Endorphin (morfin endogen) adalah kelompok polipeptidaendogen yang terdapat di CCS dan dapat menimbulkan efek yang menyerupai efek morfin. Zat-zat ini dapat dibedakan antara β-endorfin, dynorfin dan enkefalin (yun. Enkephalos = otak), yang menduduki reseptor-reseptor berlainan.secara kimiawi za-zat ini berkaitan dengan kortikotrofin (ACTH), menstimulasi pelepasanya juga dari somatotropin dan prolaktin. Sebaiknya pelepasan LH dan FSH dihambat oleh zat ini. β-endorfin pada hewan berkhasiat menahan pernapasan, menurunkan suhu tubuh dan menimbulkan ketagihan. Zat ini berdaya analgetis kuat, dalam arti tidak merubah persepsi nyeri, melainkan memperbaiki ‘’penerimaannya”. Rangsangan listrik dati bagian- bagian tertentu otak mengakibatkan peningkatan kadar endorphin dalam CCS. Mungkin hal ini menjelaskan efek analgesia yang timbul (selama elektrostimulasi) pada akupunktur, atau pada stress (misalnya pada cedera hebat). Peristiwa efek placebo juga dihubungkan dengan endomorfin.
Opioid endogen ini berhubungan dengan beberapa fungsi penting tubuh seperti fluktuasi hormonal, produksi analgesia, termoregulasi, mediasi stress dan kegelisahan, dan pengembangan toleransi dan ketergantungan opioid. Opioid endogen mengatur homeostatis, mengaplifikasi sinyal dari permukaan tubuh ke otak, dan bertindak juga sebagai neuromodulator dari respon tubuh terhadap rangsang eksternal.
Baik opioid endogen dan analgesik opioid bekerja pada reseptor opioid, berbeda dengan analgesik nonopioid yang target aksinya pada enzim.
Ada beberapa jenis Reseptor opioid  yang telah diketahui dan diteliti, yaitu reseptor opioid μ, κ, σ, δ, ε.  (dan yang terbaru ditemukan adalah N/OFQ receptor, initially called the opioid-receptor-like 1 (ORL-1) receptor or “orphan” opioid receptor dan e-receptor, namum belum jelas fungsinya).
Reseptor μ memediasi efek analgesik dan euforia dari opioid, dan ketergantungan fisik dari opioid. Sedangkan reseptor μ 2 memediasi efek depresan pernafasan.
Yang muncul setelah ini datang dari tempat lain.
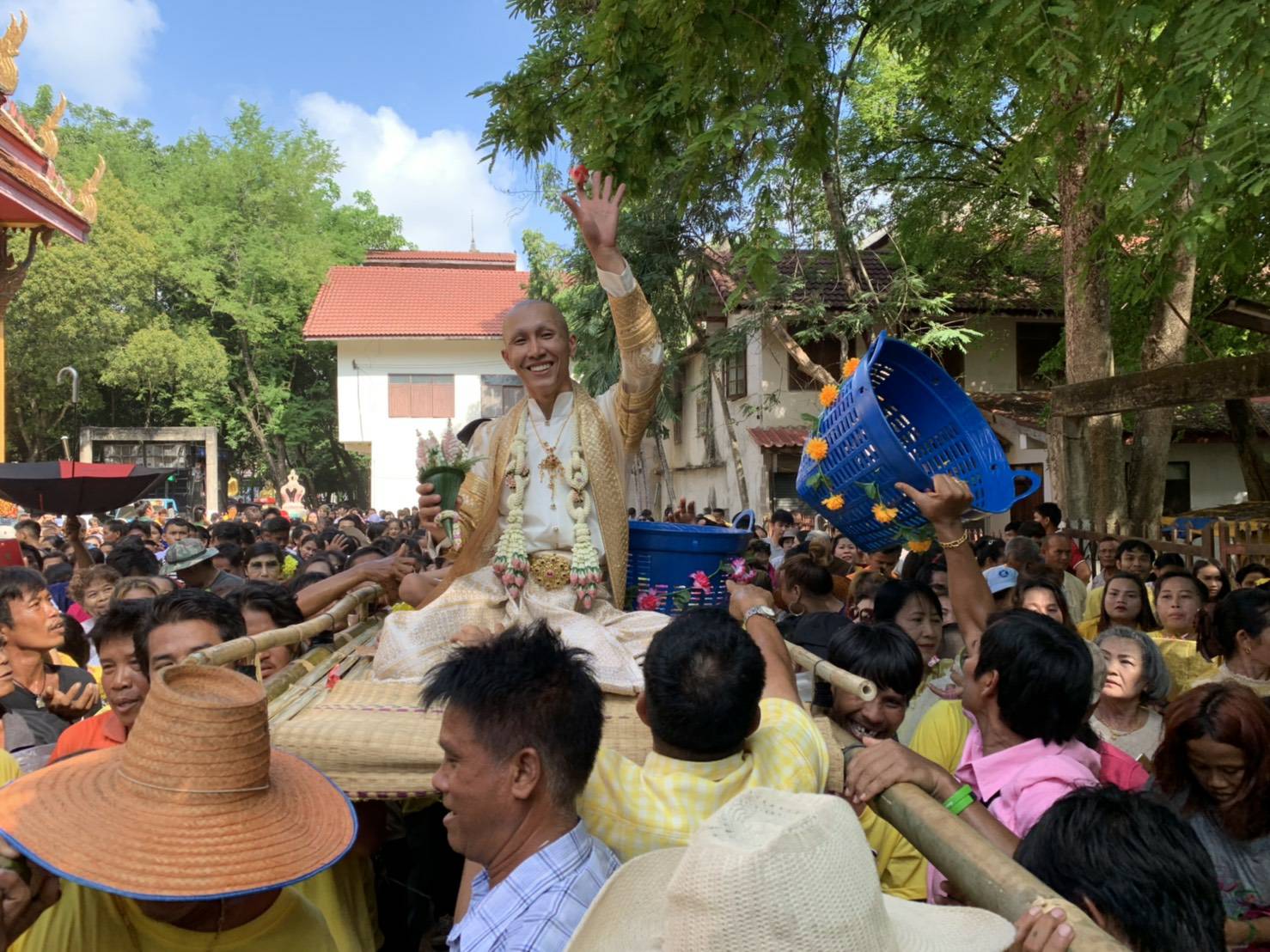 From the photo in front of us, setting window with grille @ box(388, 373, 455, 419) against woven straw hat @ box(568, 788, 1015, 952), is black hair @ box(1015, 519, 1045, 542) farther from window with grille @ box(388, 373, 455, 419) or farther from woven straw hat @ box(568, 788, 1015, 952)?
window with grille @ box(388, 373, 455, 419)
Reseptor δ yang sekurangnya memiliki 2 subtipe berperan dalam memediasi efek analgesik dan berhubungan dengan toleransi terhadap μ  opioid. reseptor κ telah diketahui dan berperan dalam efek analgesik, miosis, sedatif, dan diuresis. Reseptor opioid ini tersebar dalam otak dan sumsum tulang belakang. Reseptor δ dan reseptor κ menunjukan selektifitas untuk ekekfalin dan dinorfin, sedangkan reseptor  μ selektif untuk opioid analgesic.

Mekanisme umumnya  :

Terikatnya opioid pada reseptor menghasilkan pengurangan masuknya ion Ca2+ ke dalam sel, selain itu mengakibatkan pula hiperpolarisasi dengan meningkatkan masuknya ion K+ ke dalam sel. Hasil dari berkurangnya kadar ion kalsium dalam sel adalah terjadinya pengurangan terlepasnya dopamin, serotonin, dan peptida penghantar nyeri, seperti contohnya substansi P, dan mengakibatkan transmisi rangsang nyeri terhambat.
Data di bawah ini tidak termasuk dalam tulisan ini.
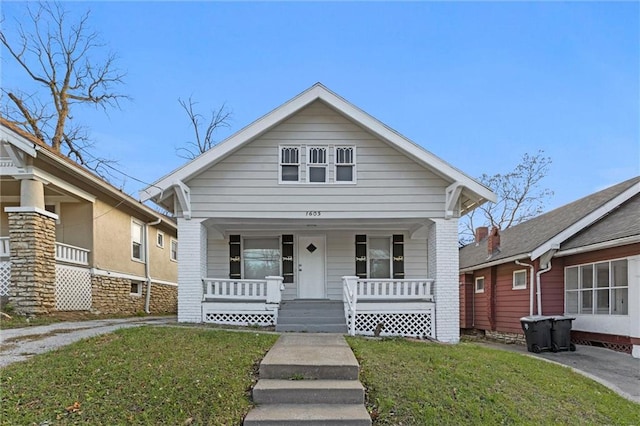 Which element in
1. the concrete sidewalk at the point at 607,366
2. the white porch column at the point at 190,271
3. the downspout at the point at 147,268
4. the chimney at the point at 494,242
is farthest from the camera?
the chimney at the point at 494,242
Endorfin bekerja dengan jalan menduduki reseptor – reseptor nyeri di susunan saraf pusat, hingga perasaan nyeri dapat diblokir. Khasiat analgesic opioida berdasarkan kemampuannya untuk menduduki sisa-sisa reseptor nyeri yang belum di tempati endokfin. Tetapi bila analgetika tersebut digunakan terus menerus, pembentukan reseptor-reseptor baru di stimulasi dan pdoduksi endorphin di ujung saraf pusat dirintangi. Akibatnya terjadilah kebiasaan dan ketagihan.
 
Efek-efek yang ditimbulkan dari perangsangan reseptor opioid diantaranya:
·         Analgesik
·         Medullary effect
·         Miosis
·         Immune function and Histamine
·         Antitussive effect
·         Hypothalamic effect
·         GI effect

Efek samping umum
                                Pada dosis biasa : gangguan lambung usus (mual, muntah, obstipasi), efek saraf pusat (kegelisahan, rasa kantuk, euphoria), dan lain-lain.
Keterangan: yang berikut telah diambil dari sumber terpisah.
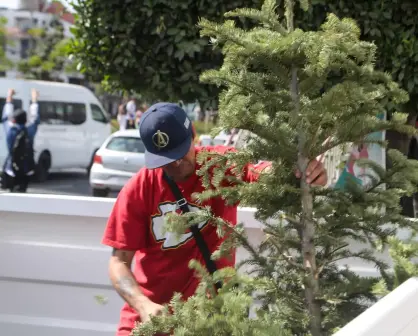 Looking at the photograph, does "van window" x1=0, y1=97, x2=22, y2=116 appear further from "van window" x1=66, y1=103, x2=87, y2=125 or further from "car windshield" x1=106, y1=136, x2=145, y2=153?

   Pada dosis tinggi : efek yang lebih berbahaya seperti sulit bernafas, tekanan darah turun, sirkulasi darah terganggu, koma, dan sampai pernafasan terhenti,  Supresi susunan saraf pusat, misalnya sedasi, menekan pernafasan dan batuk, miosis, hypothermia, dan perubahan suasana jiwa (mood). Akibat stimulasi lagsung dari CTZ (Chemo Trigger Zone) timbul mual dam muntah. Pada dosis lebih tinggi mengakibatkan menurunnya aktifitas mental dan motoris.
·         Saluran cerna : motilitas berkurang (obstipasi), kontraksi sfingter kandung empedu  (kolik batu empedu).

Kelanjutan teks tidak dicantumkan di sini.